Domingo, 22 de Septiembre de 2019

¿No hay alternativa?

ChileEl Mercurio, Chile 22 de septiembre de 2019

No hay reivindicación popular que no sea estigmatizada por las élites en nombre del populismo.

"Populismo" es la nueva palabra que está a la orden del día, sobre todo como arma arrojadiza que lanzar a la cara de quienes tienen ideas distintas a las nuestras. Para la derecha, la izquierda es populista, mientras que para la izquierda lo es la derecha. Es tan frecuente ese uso del término "populismo", que se ha transformado en el mayor insulto que se puede dejar caer sobre un gobernante o algún partido o coalición. Hay analistas que consideran que se trataría del peor mal de nuestro tiempo y la más significativa de las amenazas que se ciernen sobre la democracia, en circunstancias de que el daño a esta es mucho mayor en el caso de la corrupción. Algunos políticos, conscientes de que el daño que la corrupción causa a la democracia es más grave que el que produce el populismo, se refugian en esta última palabra como una manera de eludir los cargos que se les dirigen a ellos en nombre de la corrupción. Si en alguna medida son responsables de la metástasis de la corrupción, ya sea por acción propia o por tolerancia con la de sus camaradas, eluden responsabilizarla a ella de la crisis de la democracia y culpan entonces al populismo.

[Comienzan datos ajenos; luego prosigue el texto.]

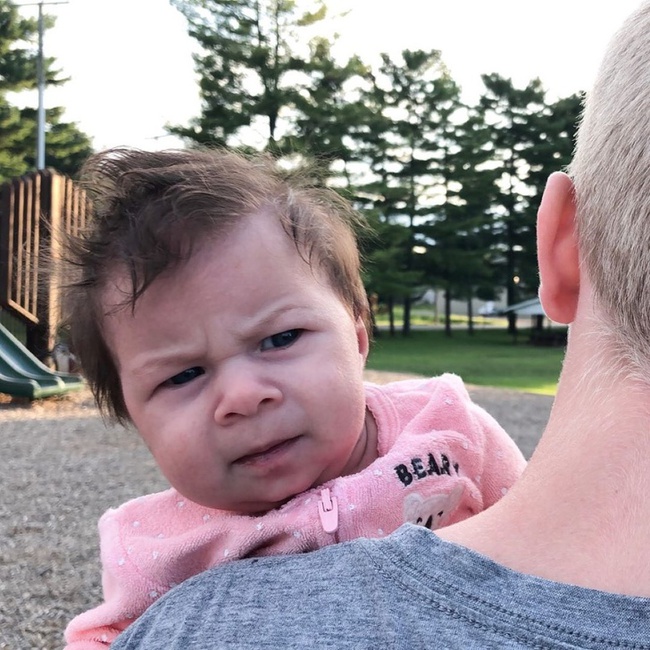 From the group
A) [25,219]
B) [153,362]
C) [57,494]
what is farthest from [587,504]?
[25,219]

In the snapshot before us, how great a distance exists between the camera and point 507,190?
3334 centimetres

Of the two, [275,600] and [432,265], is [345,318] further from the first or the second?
[432,265]

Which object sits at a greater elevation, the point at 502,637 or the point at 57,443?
the point at 502,637

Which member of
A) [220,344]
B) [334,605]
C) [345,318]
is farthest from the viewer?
[345,318]

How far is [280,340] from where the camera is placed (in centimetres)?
138

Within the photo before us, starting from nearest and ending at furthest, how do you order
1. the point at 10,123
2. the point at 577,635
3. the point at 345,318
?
the point at 577,635 → the point at 345,318 → the point at 10,123

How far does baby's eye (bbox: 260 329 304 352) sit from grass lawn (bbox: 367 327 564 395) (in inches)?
308

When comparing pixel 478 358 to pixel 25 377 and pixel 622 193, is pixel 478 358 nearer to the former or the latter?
pixel 25 377

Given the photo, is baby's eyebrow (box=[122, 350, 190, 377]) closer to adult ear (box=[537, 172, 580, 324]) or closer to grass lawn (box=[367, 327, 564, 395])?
adult ear (box=[537, 172, 580, 324])

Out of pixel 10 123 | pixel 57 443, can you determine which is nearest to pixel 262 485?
pixel 57 443

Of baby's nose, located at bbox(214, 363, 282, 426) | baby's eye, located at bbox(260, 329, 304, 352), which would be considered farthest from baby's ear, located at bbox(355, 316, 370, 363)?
baby's nose, located at bbox(214, 363, 282, 426)

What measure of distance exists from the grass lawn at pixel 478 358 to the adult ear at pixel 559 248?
8.21 meters

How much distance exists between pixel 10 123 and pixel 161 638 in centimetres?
3462

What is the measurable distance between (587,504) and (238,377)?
2.18 ft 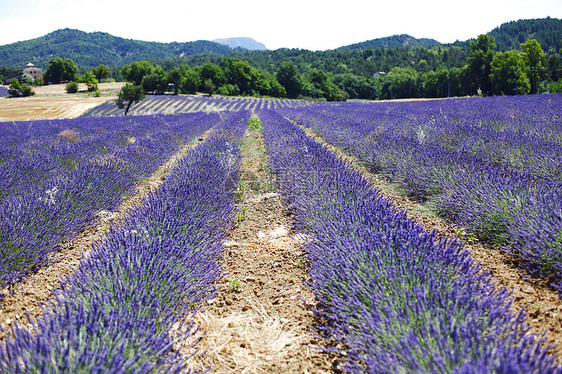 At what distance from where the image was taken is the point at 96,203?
3.94 m

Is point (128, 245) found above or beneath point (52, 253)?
above

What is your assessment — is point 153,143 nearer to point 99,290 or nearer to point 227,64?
point 99,290

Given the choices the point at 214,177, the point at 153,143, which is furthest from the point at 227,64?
the point at 214,177

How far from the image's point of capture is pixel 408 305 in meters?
1.43

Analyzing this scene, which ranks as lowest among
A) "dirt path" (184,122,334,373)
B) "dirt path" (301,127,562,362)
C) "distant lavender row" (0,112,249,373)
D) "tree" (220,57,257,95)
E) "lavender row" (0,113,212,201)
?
"dirt path" (184,122,334,373)

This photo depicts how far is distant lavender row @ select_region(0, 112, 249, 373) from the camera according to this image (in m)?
1.27

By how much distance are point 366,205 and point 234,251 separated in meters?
1.29

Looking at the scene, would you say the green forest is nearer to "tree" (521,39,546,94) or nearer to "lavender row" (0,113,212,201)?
"tree" (521,39,546,94)

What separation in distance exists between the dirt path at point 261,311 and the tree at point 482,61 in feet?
135

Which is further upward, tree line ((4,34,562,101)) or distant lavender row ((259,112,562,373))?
tree line ((4,34,562,101))

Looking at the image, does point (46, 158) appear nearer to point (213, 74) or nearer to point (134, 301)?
point (134, 301)

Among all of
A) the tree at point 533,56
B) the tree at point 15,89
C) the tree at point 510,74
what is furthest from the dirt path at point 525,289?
the tree at point 15,89

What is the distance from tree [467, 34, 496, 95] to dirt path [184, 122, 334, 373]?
4119 centimetres

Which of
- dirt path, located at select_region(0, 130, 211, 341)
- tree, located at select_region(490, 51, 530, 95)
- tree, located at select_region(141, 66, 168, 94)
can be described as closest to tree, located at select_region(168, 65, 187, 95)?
tree, located at select_region(141, 66, 168, 94) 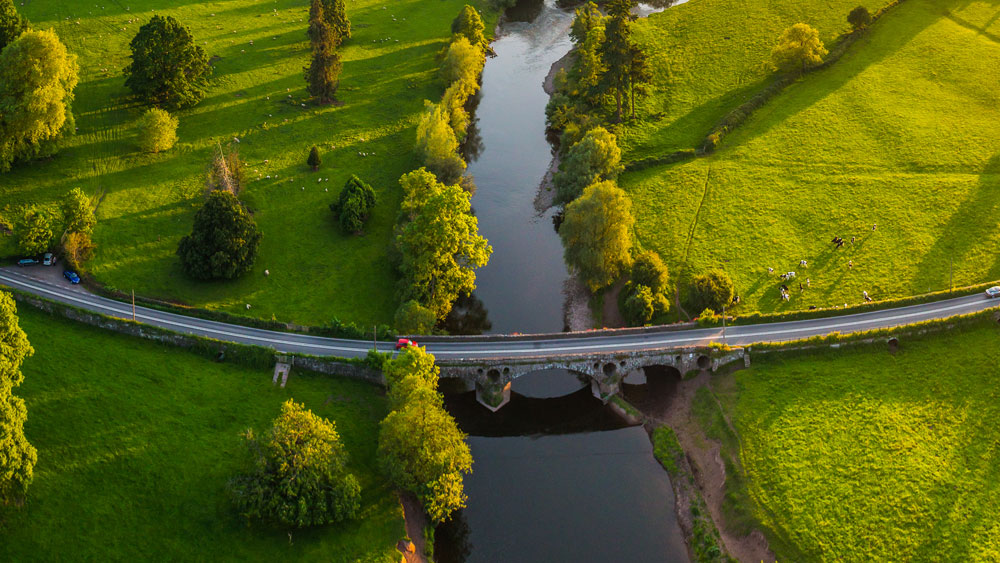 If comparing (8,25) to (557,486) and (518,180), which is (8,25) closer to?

Para la izquierda, Bolsonaro es populista, y para la derecha lo es López Obrador en México, y lo que ambos gobernantes tienen en común es que fueron votados como reacción contra gobiernos corruptos. Entonces, los populistas no llegan al poder por populistas, sino por el enojo que producen los gobiernos corruptos en ciudadanos cansados de las irregularidades e impunidad de tantos agentes públicos. No es el populismo el que está ganando la partida, es la corrupción, y aquel es una reacción contra esta.

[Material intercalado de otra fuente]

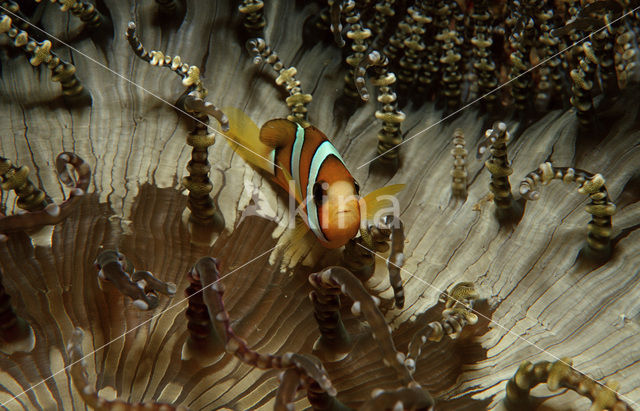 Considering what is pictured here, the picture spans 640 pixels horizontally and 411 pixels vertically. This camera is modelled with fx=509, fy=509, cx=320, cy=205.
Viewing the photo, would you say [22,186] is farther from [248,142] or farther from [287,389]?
[287,389]

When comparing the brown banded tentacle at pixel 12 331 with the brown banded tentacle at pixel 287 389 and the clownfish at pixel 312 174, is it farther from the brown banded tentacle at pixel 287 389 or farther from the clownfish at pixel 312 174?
the clownfish at pixel 312 174

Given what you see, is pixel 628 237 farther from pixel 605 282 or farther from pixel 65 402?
pixel 65 402

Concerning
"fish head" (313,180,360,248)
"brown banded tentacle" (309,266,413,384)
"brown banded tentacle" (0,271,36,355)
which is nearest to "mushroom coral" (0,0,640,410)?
"brown banded tentacle" (0,271,36,355)

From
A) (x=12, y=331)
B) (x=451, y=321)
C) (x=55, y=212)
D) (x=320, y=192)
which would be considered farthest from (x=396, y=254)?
(x=12, y=331)

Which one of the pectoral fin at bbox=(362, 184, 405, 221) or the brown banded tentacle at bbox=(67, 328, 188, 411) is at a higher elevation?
the pectoral fin at bbox=(362, 184, 405, 221)

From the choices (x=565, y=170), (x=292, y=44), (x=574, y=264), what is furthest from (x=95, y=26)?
(x=574, y=264)

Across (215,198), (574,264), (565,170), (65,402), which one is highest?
(565,170)

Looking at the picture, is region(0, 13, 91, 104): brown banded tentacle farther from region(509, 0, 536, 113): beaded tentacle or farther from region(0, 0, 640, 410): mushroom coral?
region(509, 0, 536, 113): beaded tentacle

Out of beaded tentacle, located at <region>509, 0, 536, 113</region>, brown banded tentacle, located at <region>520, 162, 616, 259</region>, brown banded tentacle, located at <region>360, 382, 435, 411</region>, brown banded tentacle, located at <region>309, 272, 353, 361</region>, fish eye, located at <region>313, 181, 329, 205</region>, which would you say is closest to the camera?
brown banded tentacle, located at <region>360, 382, 435, 411</region>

Otros políticos ven la causa del debilitamiento de la democracia en su distanciamiento de los reales problemas de las personas -lo cual es cierto-, pero no se trata de la causa principal. La justificada impaciencia de los ciudadanos ante la tardanza con que gobiernos centrales, regionales y comunales se hacen cargo de los problemas se acrecienta hasta la ira cuando esos ciudadanos perciben la rapidez con que la clase política resuelve sus propios problemas y llama "errores" o "malas prácticas" a los que no suelen ser más que groseros delitos.
Es en tal sentido que el discurso contra el populismo está queriendo ocultar una denuncia más enérgica y persistente contra la corrupción.

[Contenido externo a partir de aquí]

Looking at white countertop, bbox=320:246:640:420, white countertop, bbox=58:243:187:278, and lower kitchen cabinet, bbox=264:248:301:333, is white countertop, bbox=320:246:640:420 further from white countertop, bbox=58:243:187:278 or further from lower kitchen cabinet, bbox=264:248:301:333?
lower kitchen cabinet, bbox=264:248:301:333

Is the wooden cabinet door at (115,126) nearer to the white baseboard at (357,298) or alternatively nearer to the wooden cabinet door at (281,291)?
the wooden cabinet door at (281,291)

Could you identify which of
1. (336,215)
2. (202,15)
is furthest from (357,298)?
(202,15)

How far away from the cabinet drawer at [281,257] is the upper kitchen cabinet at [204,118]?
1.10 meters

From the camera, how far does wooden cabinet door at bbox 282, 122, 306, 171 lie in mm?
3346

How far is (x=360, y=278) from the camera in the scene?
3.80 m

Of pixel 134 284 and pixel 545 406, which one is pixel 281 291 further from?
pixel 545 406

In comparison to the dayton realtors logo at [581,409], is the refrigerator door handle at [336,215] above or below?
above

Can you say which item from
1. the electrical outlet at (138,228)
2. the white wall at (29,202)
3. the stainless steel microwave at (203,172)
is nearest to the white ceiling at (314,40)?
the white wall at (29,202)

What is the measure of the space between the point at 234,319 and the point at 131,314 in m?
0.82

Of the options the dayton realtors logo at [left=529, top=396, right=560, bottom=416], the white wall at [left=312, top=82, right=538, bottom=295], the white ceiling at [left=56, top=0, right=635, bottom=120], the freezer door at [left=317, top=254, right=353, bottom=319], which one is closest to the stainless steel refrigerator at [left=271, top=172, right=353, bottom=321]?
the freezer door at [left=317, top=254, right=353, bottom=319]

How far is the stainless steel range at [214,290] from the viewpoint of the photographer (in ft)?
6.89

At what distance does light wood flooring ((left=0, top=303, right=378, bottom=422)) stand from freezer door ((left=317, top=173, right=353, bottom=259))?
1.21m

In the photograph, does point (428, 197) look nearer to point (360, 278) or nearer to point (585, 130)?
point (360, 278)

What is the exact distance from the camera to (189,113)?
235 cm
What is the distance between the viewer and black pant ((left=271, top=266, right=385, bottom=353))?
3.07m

Otro uso interesado de la palabra se produce cuando algunos líderes de opinión, especialmente los economistas de derecha, acusan de populista a cualquier idea o iniciativa a favor de los trabajadores asalariados y grupos sociales más vulnerables. "No hay alternativa", dicen a coro con Margaret Thatcher, de manera que nadie debe alterar en lo más mínimo las lógicas del capitalismo neoliberal hegemónico de nuestros días ni preocuparse demasiado por las desigualdades que él produce en las condiciones materiales de existencia de las personas. "No hay alternativa", repiten, y eso en salud, en educación, en vivienda, en jornada laboral, en previsión, de manera que hay que olvidarse de los derechos de las personas en cada uno de esos campos y confiar en que los alimentos que sobran en la mesa de los más ricos llegarán en algún momento a los pobres que están tocando a la puerta, supuesto que el dueño de casa no prefiera darlos a sus mascotas. No hay reivindicación popular que no sea estigmatizada por las élites en nombre del populismo.
En esto nuestra época se parece a todas. ¿Ha habido alguna en que no se haya descalificado como política de baja estofa o ridícula utopía cualquier manifestación crítica que proviniera de la desazón popular y del fastidio con grupos políticos y económicos que incurren en reiterados engaños y no ven más allá de sus prejuicios e intereses? ¿Ha habido alguna vez en la historia una clase social poderosa o alguna autoproclamada élite que no resistiera el cambio en nombre de la catástrofe que este produciría en caso de concretarse?
Antes de que esa doctrina perdiera crédito en el mundo y entre los electores, el cambio era neutralizado con el cuco del "comunismo". Hoy lo es con el del "populismo".